## Task to complete
Your answer must match the entries below word for word.
- - -
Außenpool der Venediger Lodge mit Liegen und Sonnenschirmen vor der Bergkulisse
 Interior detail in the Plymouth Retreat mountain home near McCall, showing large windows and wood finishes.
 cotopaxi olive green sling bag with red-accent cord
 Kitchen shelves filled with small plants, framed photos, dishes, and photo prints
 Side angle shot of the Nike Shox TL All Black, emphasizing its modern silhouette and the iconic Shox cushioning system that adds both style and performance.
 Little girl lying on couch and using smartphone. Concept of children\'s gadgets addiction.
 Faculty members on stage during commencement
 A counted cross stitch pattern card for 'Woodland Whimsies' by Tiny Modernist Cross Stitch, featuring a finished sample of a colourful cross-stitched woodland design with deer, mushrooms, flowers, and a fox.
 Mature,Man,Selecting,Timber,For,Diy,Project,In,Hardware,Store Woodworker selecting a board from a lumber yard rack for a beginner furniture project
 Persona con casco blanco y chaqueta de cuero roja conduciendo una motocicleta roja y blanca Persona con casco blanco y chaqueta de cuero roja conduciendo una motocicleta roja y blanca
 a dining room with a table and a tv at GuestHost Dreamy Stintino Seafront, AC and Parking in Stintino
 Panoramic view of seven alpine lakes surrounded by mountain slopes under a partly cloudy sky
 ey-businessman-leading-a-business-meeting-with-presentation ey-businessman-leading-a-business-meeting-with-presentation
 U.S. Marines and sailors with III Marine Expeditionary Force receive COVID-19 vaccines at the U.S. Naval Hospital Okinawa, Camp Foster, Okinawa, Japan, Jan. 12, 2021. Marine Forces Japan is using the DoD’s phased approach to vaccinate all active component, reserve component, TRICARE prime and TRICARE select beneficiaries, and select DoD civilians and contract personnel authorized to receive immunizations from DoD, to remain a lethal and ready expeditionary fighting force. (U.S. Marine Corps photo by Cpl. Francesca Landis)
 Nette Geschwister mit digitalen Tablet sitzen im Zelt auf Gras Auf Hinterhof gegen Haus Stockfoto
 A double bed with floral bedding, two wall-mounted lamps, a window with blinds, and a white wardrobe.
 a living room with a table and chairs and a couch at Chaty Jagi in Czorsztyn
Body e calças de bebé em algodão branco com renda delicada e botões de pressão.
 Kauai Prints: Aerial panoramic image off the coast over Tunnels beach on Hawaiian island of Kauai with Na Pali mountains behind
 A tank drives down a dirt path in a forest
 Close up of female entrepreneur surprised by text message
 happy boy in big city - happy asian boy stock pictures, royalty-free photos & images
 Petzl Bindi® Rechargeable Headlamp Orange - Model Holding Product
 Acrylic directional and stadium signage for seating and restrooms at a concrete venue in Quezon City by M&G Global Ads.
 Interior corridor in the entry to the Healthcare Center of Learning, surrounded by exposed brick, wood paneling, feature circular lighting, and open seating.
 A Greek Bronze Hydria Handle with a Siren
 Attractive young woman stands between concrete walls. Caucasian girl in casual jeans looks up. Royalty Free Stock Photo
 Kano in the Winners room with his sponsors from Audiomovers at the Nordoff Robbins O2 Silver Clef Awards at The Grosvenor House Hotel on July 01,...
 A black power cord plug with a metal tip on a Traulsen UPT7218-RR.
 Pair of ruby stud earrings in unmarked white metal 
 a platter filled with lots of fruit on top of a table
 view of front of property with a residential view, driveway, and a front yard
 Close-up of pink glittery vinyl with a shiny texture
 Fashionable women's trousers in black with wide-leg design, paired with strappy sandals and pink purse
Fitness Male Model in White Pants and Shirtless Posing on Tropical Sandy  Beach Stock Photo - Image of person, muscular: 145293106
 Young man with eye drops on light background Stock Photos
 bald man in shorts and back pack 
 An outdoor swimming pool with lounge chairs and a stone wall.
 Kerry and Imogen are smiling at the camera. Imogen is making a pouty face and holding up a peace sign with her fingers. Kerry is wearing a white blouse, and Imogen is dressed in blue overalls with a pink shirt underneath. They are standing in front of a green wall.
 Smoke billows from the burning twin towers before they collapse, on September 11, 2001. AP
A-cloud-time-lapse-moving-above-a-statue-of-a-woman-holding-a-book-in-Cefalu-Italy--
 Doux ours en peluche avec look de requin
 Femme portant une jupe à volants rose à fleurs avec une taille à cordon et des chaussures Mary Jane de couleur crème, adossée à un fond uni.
- - -
## Solution to the exercise
Außenpool der Venediger Lodge mit Liegen und Sonnenschirmen vor der Bergkulisse
 Interior detail in the Plymouth Retreat mountain home near McCall, showing large windows and wood finishes.
 cotopaxi olive green sling bag with red-accent cord
 Kitchen shelves filled with small plants, framed photos, dishes, and photo prints
 Side angle shot of the Nike Shox TL All Black, emphasizing its modern silhouette and the iconic Shox cushioning system that adds both style and performance.
 Little girl lying on couch and using smartphone. Concept of children\'s gadgets addiction.
 Faculty members on stage during commencement
 A counted cross stitch pattern card for 'Woodland Whimsies' by Tiny Modernist Cross Stitch, featuring a finished sample of a colourful cross-stitched woodland design with deer, mushrooms, flowers, and a fox.
 Mature,Man,Selecting,Timber,For,Diy,Project,In,Hardware,Store Woodworker selecting a board from a lumber yard rack for a beginner furniture project
 Persona con casco blanco y chaqueta de cuero roja conduciendo una motocicleta roja y blanca Persona con casco blanco y chaqueta de cuero roja conduciendo una motocicleta roja y blanca
 a dining room with a table and a tv at GuestHost Dreamy Stintino Seafront, AC and Parking in Stintino
 Panoramic view of seven alpine lakes surrounded by mountain slopes under a partly cloudy sky
 ey-businessman-leading-a-business-meeting-with-presentation ey-businessman-leading-a-business-meeting-with-presentation
 U.S. Marines and sailors with III Marine Expeditionary Force receive COVID-19 vaccines at the U.S. Naval Hospital Okinawa, Camp Foster, Okinawa, Japan, Jan. 12, 2021. Marine Forces Japan is using the DoD’s phased approach to vaccinate all active component, reserve component, TRICARE prime and TRICARE select beneficiaries, and select DoD civilians and contract personnel authorized to receive immunizations from DoD, to remain a lethal and ready expeditionary fighting force. (U.S. Marine Corps photo by Cpl. Francesca Landis)
 Nette Geschwister mit digitalen Tablet sitzen im Zelt auf Gras Auf Hinterhof gegen Haus Stockfoto
 A double bed with floral bedding, two wall-mounted lamps, a window with blinds, and a white wardrobe.
 a living room with a table and chairs and a couch at Chaty Jagi in Czorsztyn
Body e calças de bebé em algodão branco com renda delicada e botões de pressão.
 Kauai Prints: Aerial panoramic image off the coast over Tunnels beach on Hawaiian island of Kauai with Na Pali mountains behind
 A tank drives down a dirt path in a forest
 Close up of female entrepreneur surprised by text message
 happy boy in big city - happy asian boy stock pictures, royalty-free photos & images
 Petzl Bindi® Rechargeable Headlamp Orange - Model Holding Product
 Acrylic directional and stadium signage for seating and restrooms at a concrete venue in Quezon City by M&G Global Ads.
 Interior corridor in the entry to the Healthcare Center of Learning, surrounded by exposed brick, wood paneling, feature circular lighting, and open seating.
 A Greek Bronze Hydria Handle with a Siren
 Attractive young woman stands between concrete walls. Caucasian girl in casual jeans looks up. Royalty Free Stock Photo
 Kano in the Winners room with his sponsors from Audiomovers at the Nordoff Robbins O2 Silver Clef Awards at The Grosvenor House Hotel on July 01,...
 A black power cord plug with a metal tip on a Traulsen UPT7218-RR.
 Pair of ruby stud earrings in unmarked white metal 
 a platter filled with lots of fruit on top of a table
 view of front of property with a residential view, driveway, and a front yard
 Close-up of pink glittery vinyl with a shiny texture
 Fashionable women's trousers in black with wide-leg design, paired with strappy sandals and pink purse
Fitness Male Model in White Pants and Shirtless Posing on Tropical Sandy  Beach Stock Photo - Image of person, muscular: 145293106
 Young man with eye drops on light background Stock Photos
 bald man in shorts and back pack 
 An outdoor swimming pool with lounge chairs and a stone wall.
 Kerry and Imogen are smiling at the camera. Imogen is making a pouty face and holding up a peace sign with her fingers. Kerry is wearing a white blouse, and Imogen is dressed in blue overalls with a pink shirt underneath. They are standing in front of a green wall.
 Smoke billows from the burning twin towers before they collapse, on September 11, 2001. AP
A-cloud-time-lapse-moving-above-a-statue-of-a-woman-holding-a-book-in-Cefalu-Italy--
 Doux ours en peluche avec look de requin
 Femme portant une jupe à volants rose à fleurs avec une taille à cordon et des chaussures Mary Jane de couleur crème, adossée à un fond uni.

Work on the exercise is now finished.